Amos spoke to the caliber of environmental teaching and research the UO offers to the community.

“Those working on research at UO represent scholars who turn their research agendas toward the problems that we face as a state, a region and the world with regard to decarbonizing our energy future,” Amos said.

Amos will introduce, and participate in, a group of faculty panelists who illustrate the UO’s interdisciplinary work around issues of energy, including those from architecture, law, biochemistry, business, and public planning and policy.

But the event won’t focus only on research. It will open with a welcome message from Democratic Oregon Sen. Jeff Golden of Ashland and follow with other panels moderated by state Rep. Karin Power of Milwaukie and Sen. Michael Dembrow of Portland, also both Democrats.

Golden and Power chair legislative committees focused on energy, the environment and resource policy issues at the state level. They’ll get to bump virtual elbows with administrative counterparts from New York, New Mexico and Washington state, all of whom will also speak during a segment focused on how clean energy outlooks are progressing elsewhere.

“We know the University of Oregon doesn’t have all the solutions, so by creating the network and creating connections between people and inspiring new ideas, that’s where we can make an impact,” Phillips said.

The event seeks broad participation from industry and policy stakeholders from around the state. Electric utilities, environmental groups, labor leaders and environmental justice representatives all are invited to take part in a panel moderated by Golden.

Assistant professor of law Greg Dotson, the event’s lead faculty member who helped draw all of the constituencies together, will discuss trends in clean energy. He said the event will focus on the future rather than past challenges to passing clean energy legislation in Oregon.

In particular, attendees will hear about the policy mechanics of clean energy standards in place in other states that will require electricity providers to move to nonemitting sources by midcentury.

“Leaders on clean energy in both chambers of the state Legislature are interested in better understanding this policy — how it works, who has adopted it, what questions it raises,” said Dotson, who teaches environmental law and policy. “I think this event will demonstrate that the university has a lot of expertise to contribute to this discussion.”

Ultimately, Amos said the Environment Initiative will continue to sponsor and support events that bring together the research and teaching capacity at the UO with the needs of the community.

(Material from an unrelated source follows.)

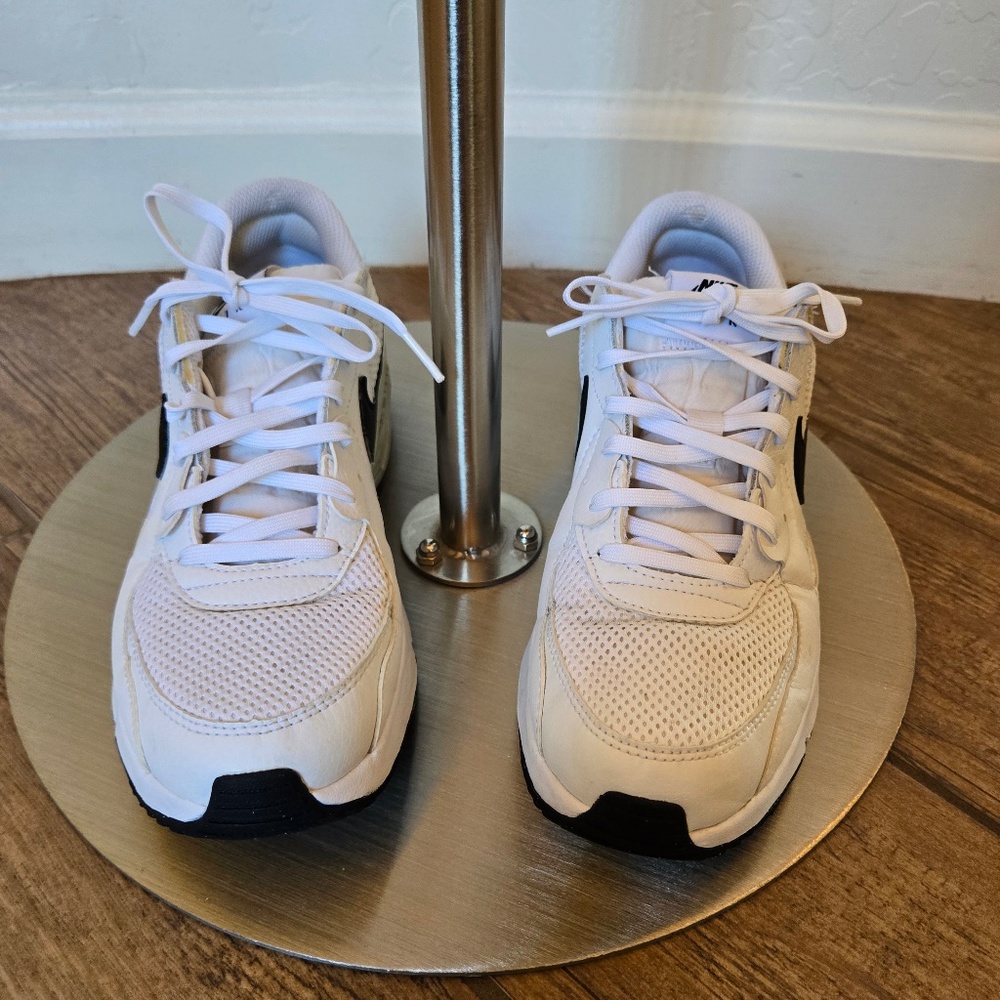 Nike White and Black Women's Athletic Sneakers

“We’re obviously a University of Oregon, but we’re also a university in Oregon and a university for Oregon,” Phillips said. “And so the environment is organic to who we are, simply from our sense of place and our history. Understanding how to address the ongoing environmental crisis and what role we can play in interpreting policy and action, that's a big part of the shift to who we can be. Not just studying what's going on, but really doubling down on how we can help the state.”